» **WHAT TO PRODUCE**
Would you set down the data that follows, word for word, without any pictures?

» **SOURCE MATERIAL**

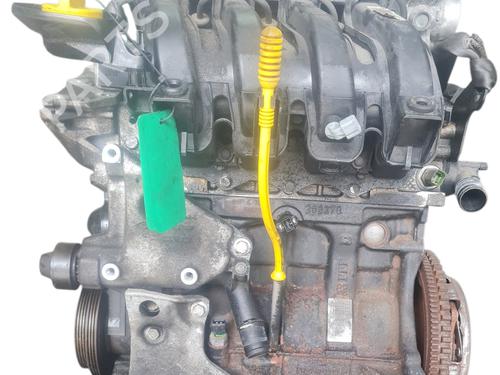 Engine RENAULT CLIO III (BR0/1, CR0/1) | BP34569170M1 - Image 3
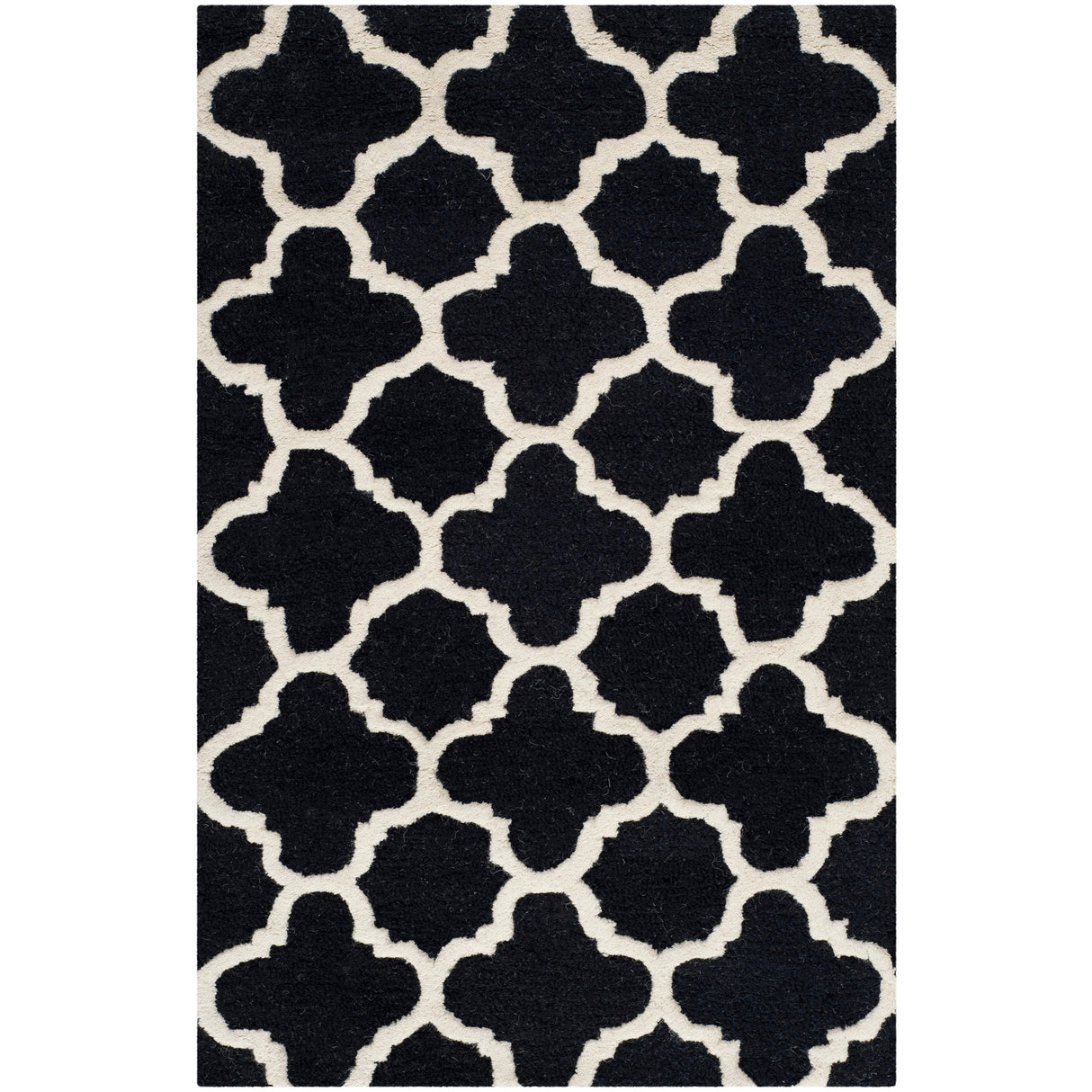 SAFAVIEH Handmade Cambridge Touria Modern Moroccan Wool Rug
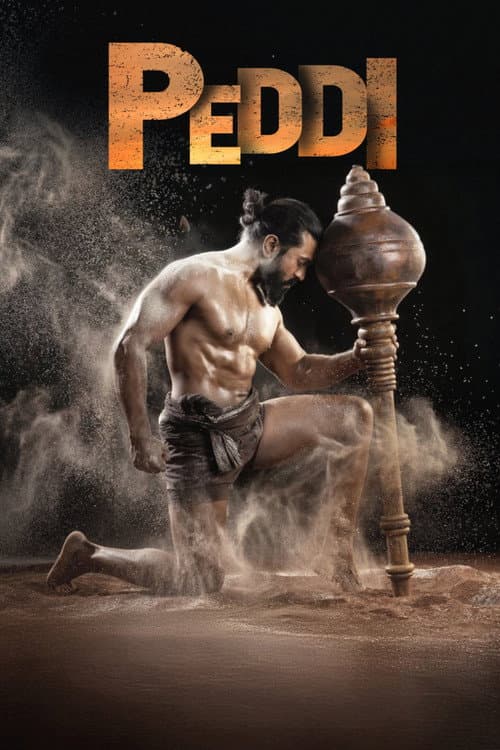 โปสเตอร์ Peddi (2026)
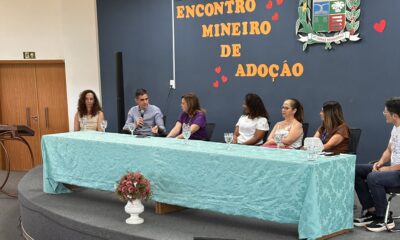 Araxá sedia Encontro Mineiro de Adoção e reforça importância da preparação e acolhimento no processo adotivo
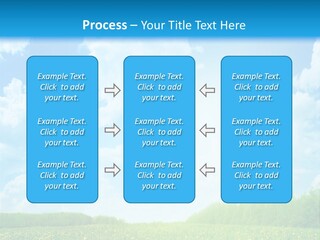 Technology Energy Conditioner PowerPoint Template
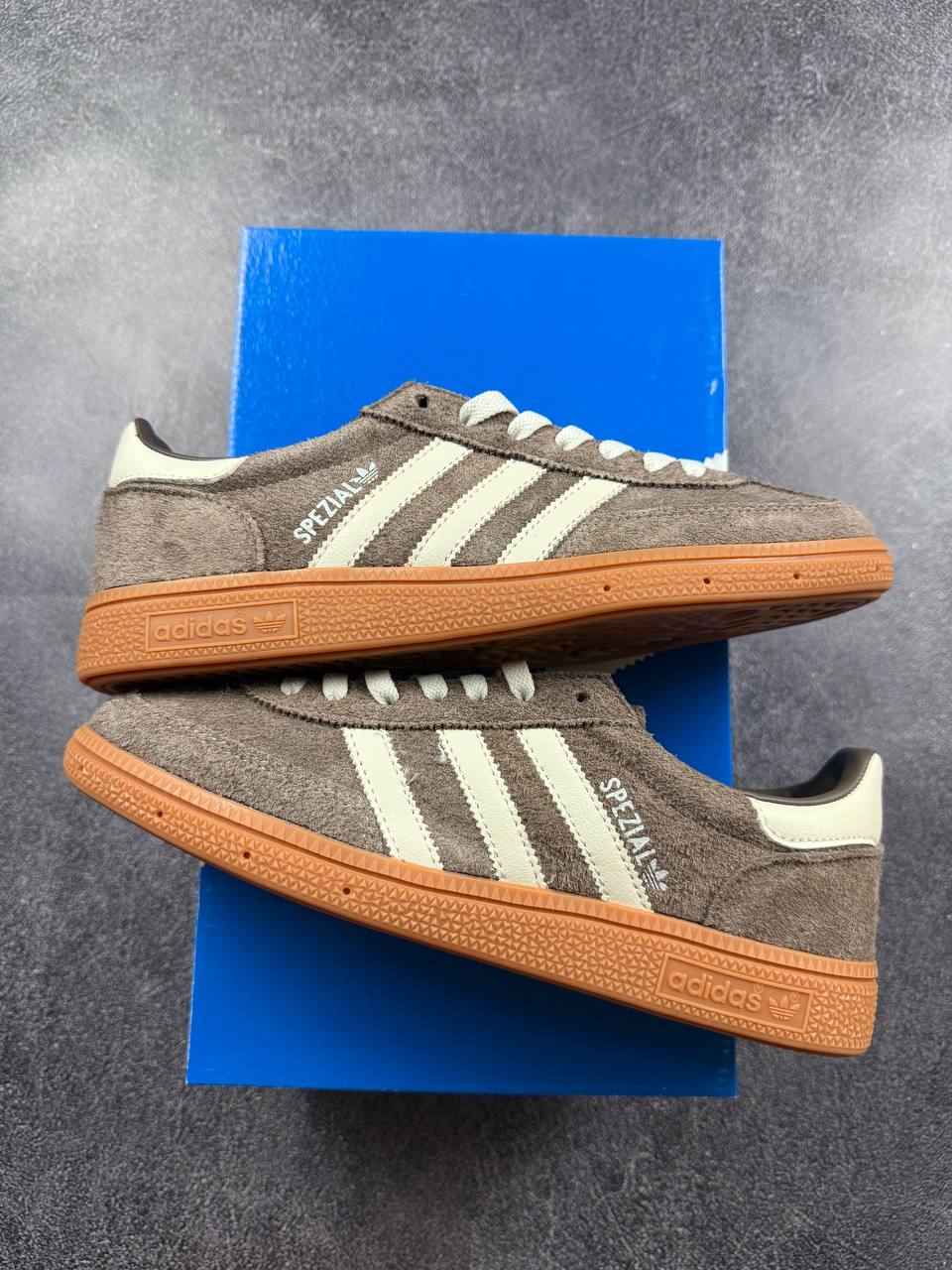 Кросівки Adidas Spezial Light Brown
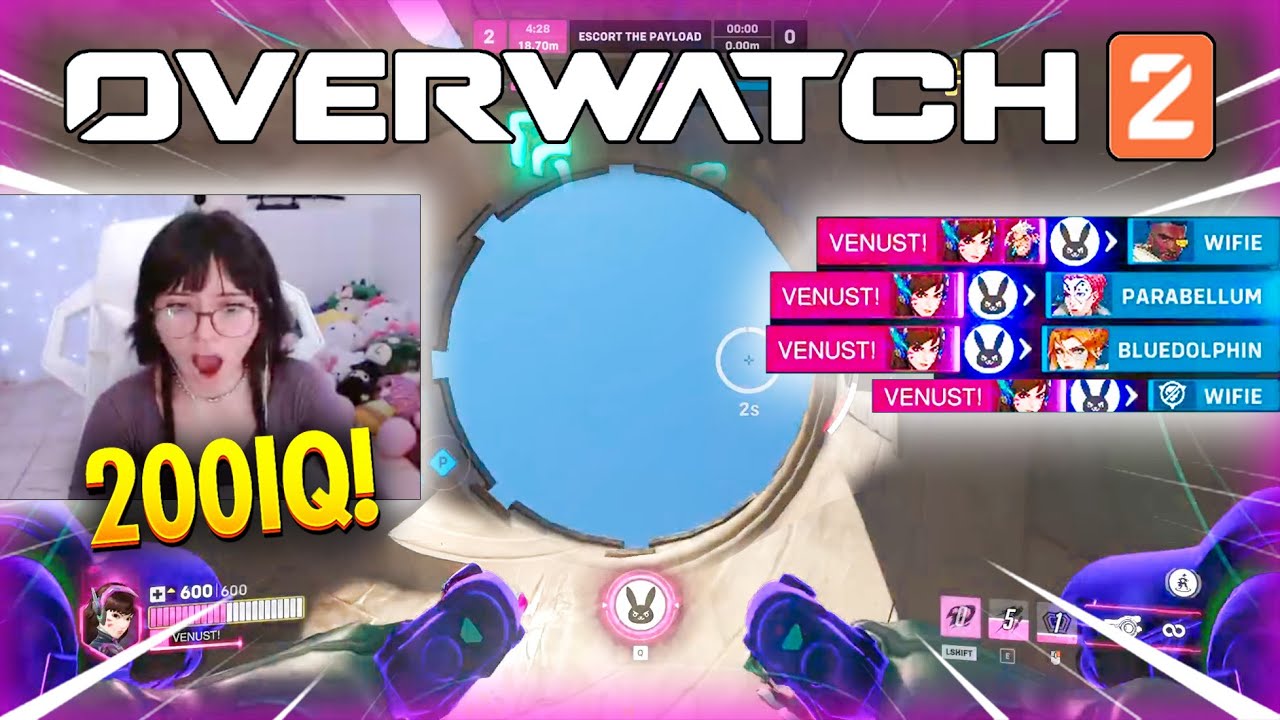 Overwatch 2 MOST VIEWED Twitch Clips of The Week! #413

» **ANSWER TO THIS EXERCISE**
 Engine RENAULT CLIO III (BR0/1, CR0/1) | BP34569170M1 - Image 3
 SAFAVIEH Handmade Cambridge Touria Modern Moroccan Wool Rug
 โปสเตอร์ Peddi (2026)
 Araxá sedia Encontro Mineiro de Adoção e reforça importância da preparação e acolhimento no processo adotivo
 Technology Energy Conditioner PowerPoint Template
 Кросівки Adidas Spezial Light Brown
 Overwatch 2 MOST VIEWED Twitch Clips of The Week! #413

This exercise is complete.